Your task → Repeat exactly the lines of the records below, starting at the line containing "Full Jaw Implants" and ending at the line containing "incision für bunionectomy". Leave the pictures out.

───── Provided data

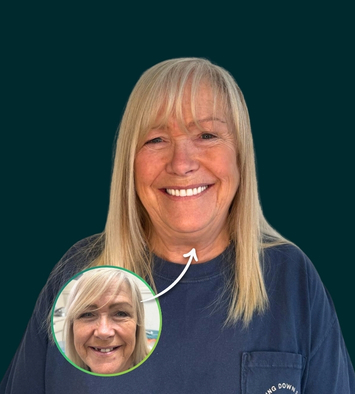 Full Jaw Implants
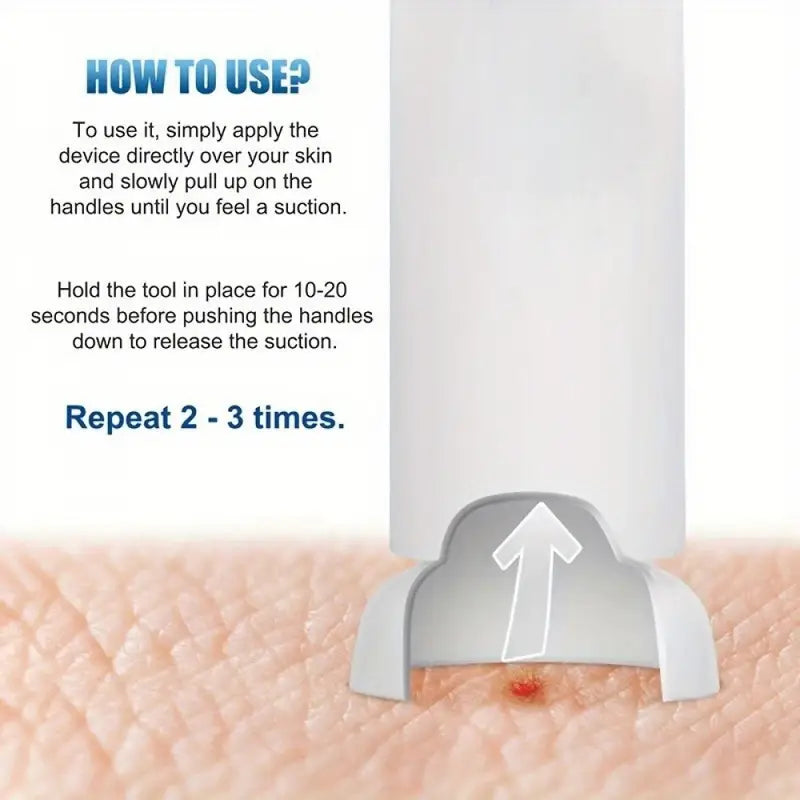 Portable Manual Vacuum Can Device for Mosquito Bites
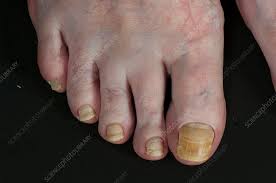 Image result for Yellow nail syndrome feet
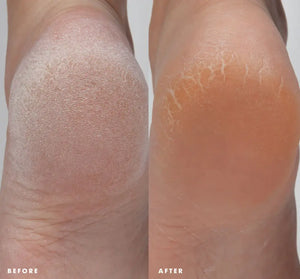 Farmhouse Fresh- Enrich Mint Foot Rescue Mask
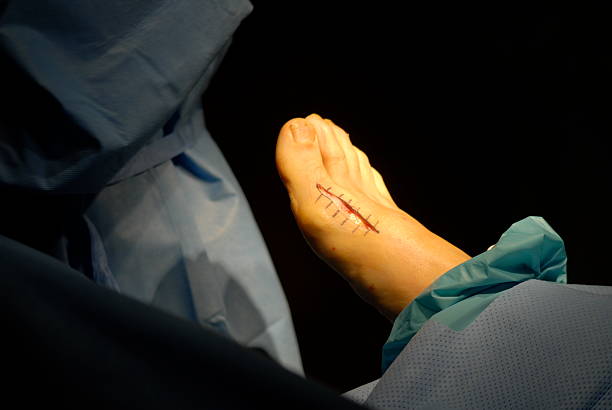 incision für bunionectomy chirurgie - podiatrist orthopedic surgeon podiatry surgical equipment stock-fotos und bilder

──────────
───── Provided data

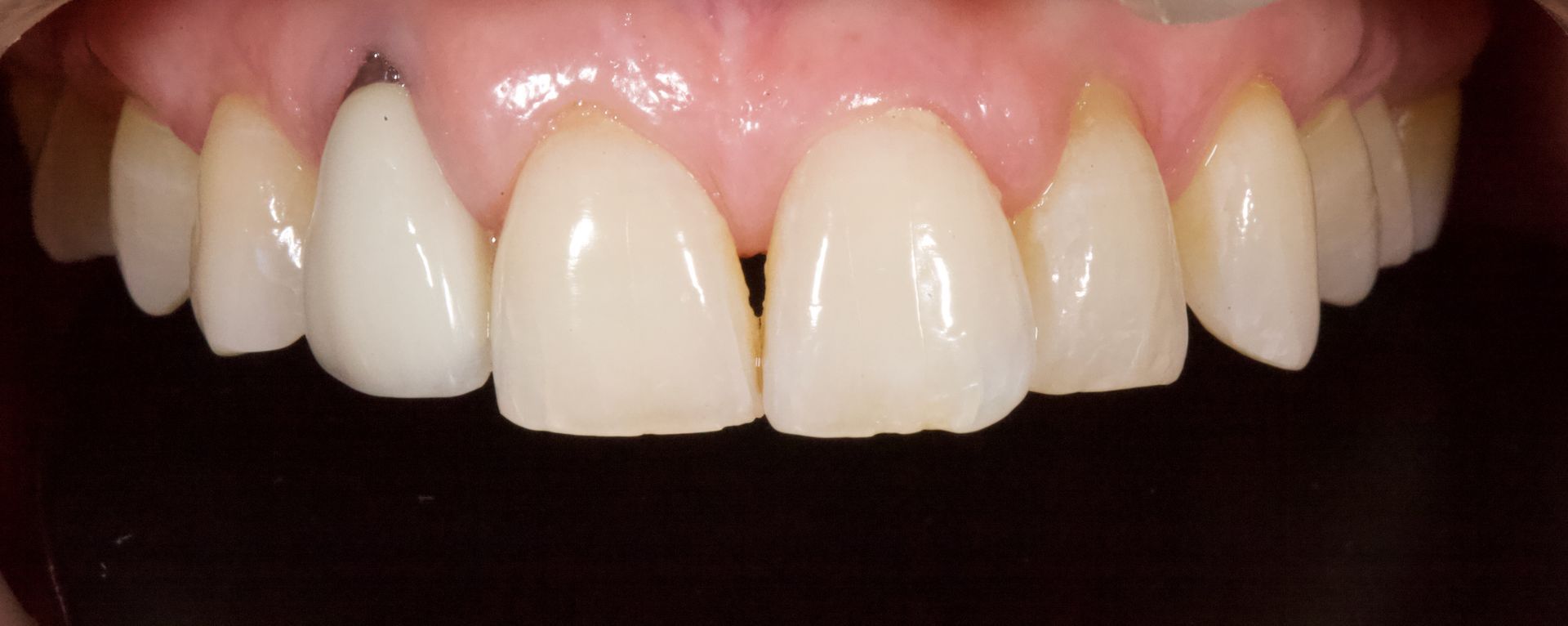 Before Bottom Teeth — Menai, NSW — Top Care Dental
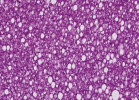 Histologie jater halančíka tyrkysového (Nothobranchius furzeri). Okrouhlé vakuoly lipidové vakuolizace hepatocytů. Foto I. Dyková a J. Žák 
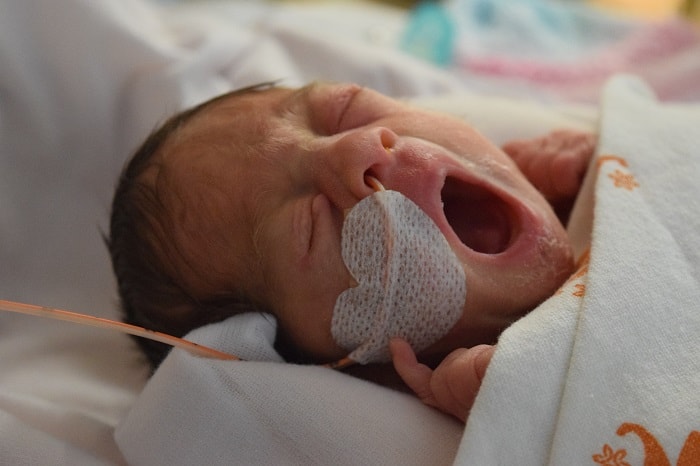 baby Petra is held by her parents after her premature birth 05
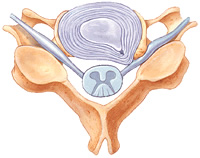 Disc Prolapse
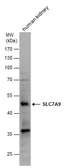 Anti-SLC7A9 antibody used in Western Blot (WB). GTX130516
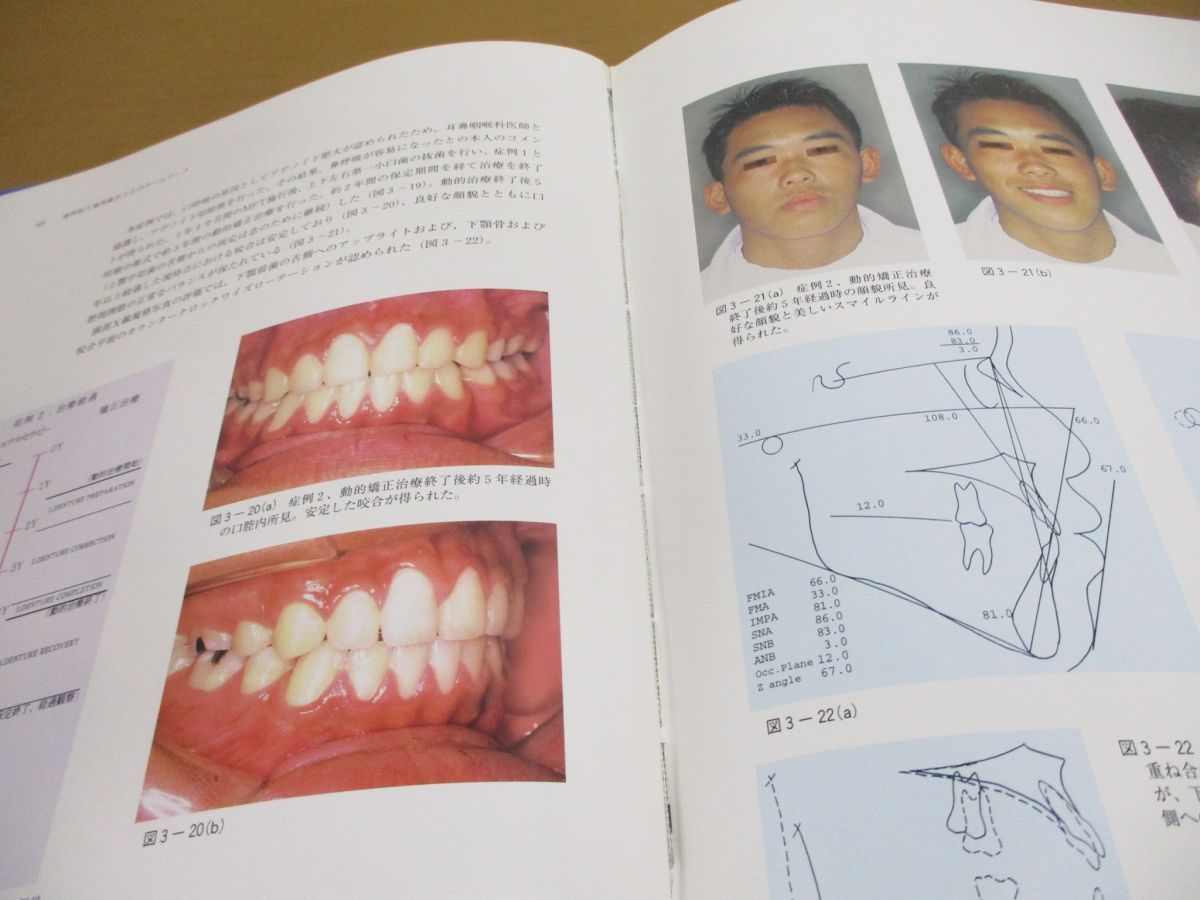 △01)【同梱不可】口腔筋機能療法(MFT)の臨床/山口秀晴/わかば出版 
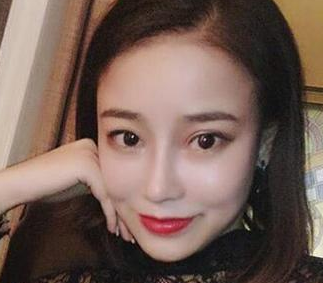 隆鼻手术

──────────

Result below →
 Full Jaw Implants
 Portable Manual Vacuum Can Device for Mosquito Bites
 Image result for Yellow nail syndrome feet
 Farmhouse Fresh- Enrich Mint Foot Rescue Mask
 incision für bunionectomy chirurgie - podiatrist orthopedic surgeon podiatry surgical equipment stock-fotos und bilder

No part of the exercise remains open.